I’ve taken it a little further and have been exploring the world of raw and vegan food. I know people who are dedicated enthusiasts to either or both of these styles of eating and say that they feel more alive, more alert and incredibly satisfied when following their lifestyle choice. However in the past when it came to desserts my recipes have tended to be those of a more traditional style in the sense that they include ingredients like butter, flour, sugar, milk, etc.
This recipe fits into a completely polarised view of the dessert world. Suddenly we have a nut-free, egg-free, dairy and soy-free, gluten-free, sugar-free cake. And I would pay good money for.
It was inspired by our last Team Cooking Class in South Perth where one of our consultants has made a recipe that had been adapted from the Raw Power website. After a little research I changed it (as I do) and what I ended up with something very similar but a little different 🙂
I hope you enjoy it.
chocolate cake (raw and vegan) – (recipe adapted by Fiona at Food 4 Thought).
serves one 20 – 22cm cake
100g pitted dates (soaked in hot water for 20 minutes and drained, if using Medjool dates there is no need to soak them)
100g desiccated Coconut
20g coconut oil
100g raw cacao nibs
100g coconut oil
200g pitted dates (soaked in hot water for 20 minutes and drained, reserve the liquid. If using Medjool dates there is no need to soak them)
2 ripe (medium – large) avocado
70g maple syrup
30g raw cacao powder
reserved liquid from soaking dates or water, as required (see tips)
to serve, chopped pistachios (see tips for nut free)
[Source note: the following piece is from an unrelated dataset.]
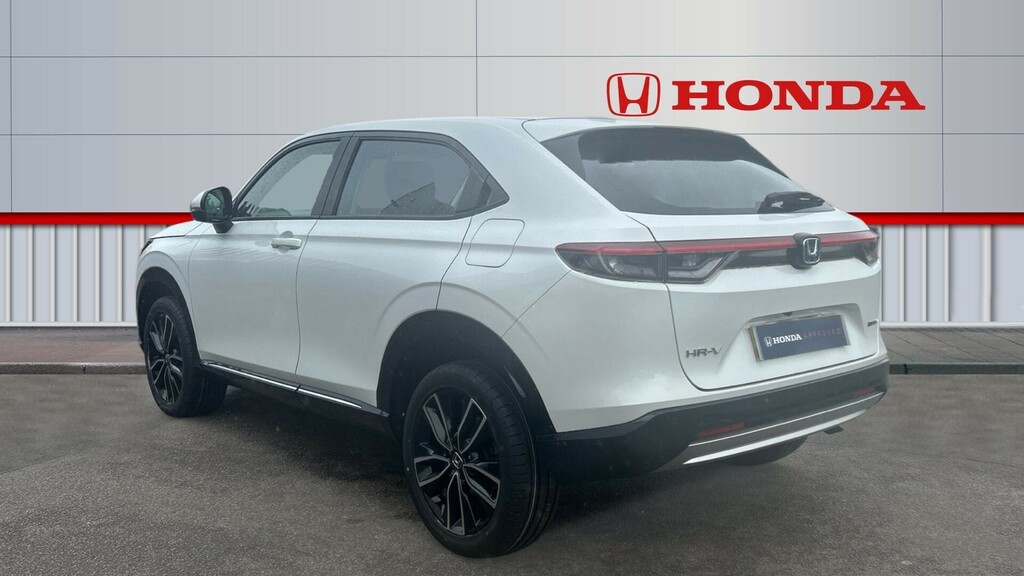 Honda Hr-V Advance AF24JVE White #3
For base, place drained dates, coconut and coconut oil into TM bowl and process for 5 seconds on speed 5. Scrap around bowl and repeat until desired consistency reached. Remove and press into cake tin with removable base. Refrigerate.
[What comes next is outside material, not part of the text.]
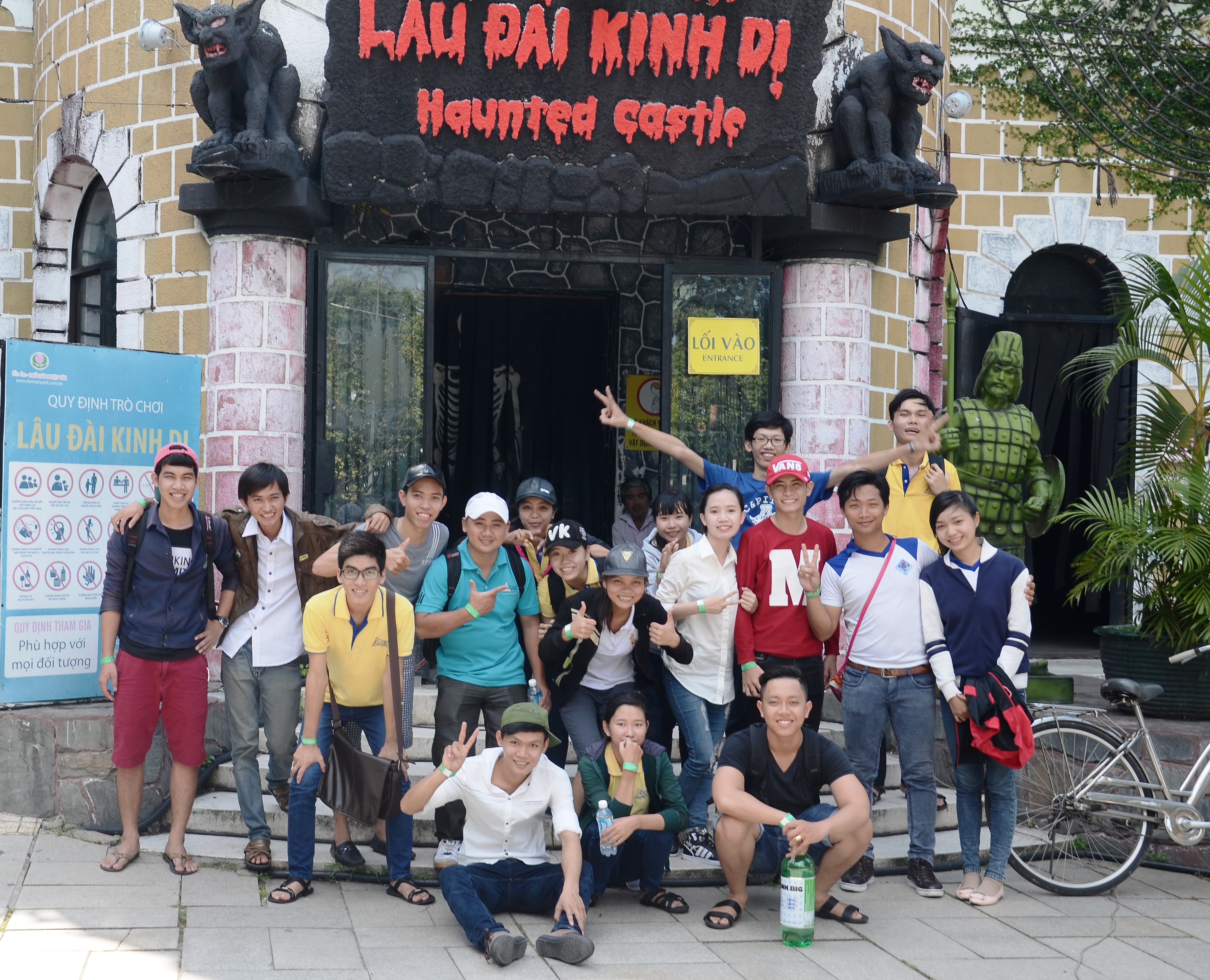 Sinh viên Kỹ thuật phần mềm CUSC – Tham quan kiến tập tại Công viên Phần mềm Quang Trung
For filling, place cacao ibs into TM bowl and prcoess for 45 seconds on speed 10.
Add coconut oil and dates and blend for 10 seconds on speed 6.
Add avocado, agave nectar and cacao powder. Blend for 30 seconds on speed 6 using the spatula to assist if required. Scrape around sides of bowl and add reserved liquid if required (I used approx 60g) and blend for 45 seconds on speed 6.
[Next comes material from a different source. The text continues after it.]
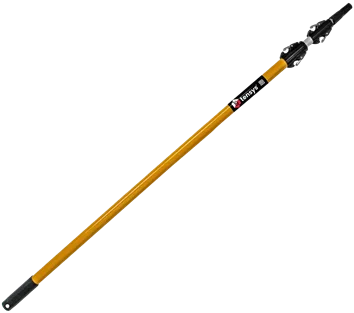 Glass Fibre Pole compatible with corner protector/strap positioning attachments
Pour this mixture into the base and refrigerate for a minimum of 3 hours.
Serve, topped with chopped pistachios
My tips/alterations: *If your coconut oil becomes solid, I find the easiest way to get it out is to sit the bottle/jar in a container of hot water a few minutes before you need it. *The reserved date liquid is completely optional. I just found the mixture a little thick without it and by adding it in I got a smoother consistency. *For an even richer “cake” you can add more raw cacao powder. You need to make sure it is raw cacao as some cocoa (spelt differently by the way) powders are heated above 37C during processing. This is one of the reasons I choose to use raw cacao nibs. If you can’t find the nibs use 70-80g cacao powder. *To chop the pistachios, I just used closed lid and turbo a couple of times until I got the desired texture. * If you leave the pistachios off, this is nut free. *You will find most of these ingredients in the health food store. Some Asian food stores also sell coconut oil.
ease: 9.5/10. The hardest part was getting ingredients that I had never used. But now my pantry is we stocked.
prep time: 25mins (20 mins to soak dates, 5 minutes for me to actually do anything).
cooking time: 0mins (no cooking required) + 3 hours chilling.
total: 25 minutes + 3 hours chilling.
taste: 9/10. I loved this. It was dense, rich and tasted great. I also found that I was amazingly satisfied with just one piece. It actually took me 5 days to eat the whole thing, and that was sharing it too. 7.5/10 from G. He wasn’t as impressed because he has a prepensity towards lemon cheesecake. And although this looked like cheesecake it didn’t taste like his favourite lemon version. In saying that, he still thought this was pretty good for “what it was”.
would I make it again: Absolutely In fact, I happen to have a few extra avocados again this week, so I might need to make another one.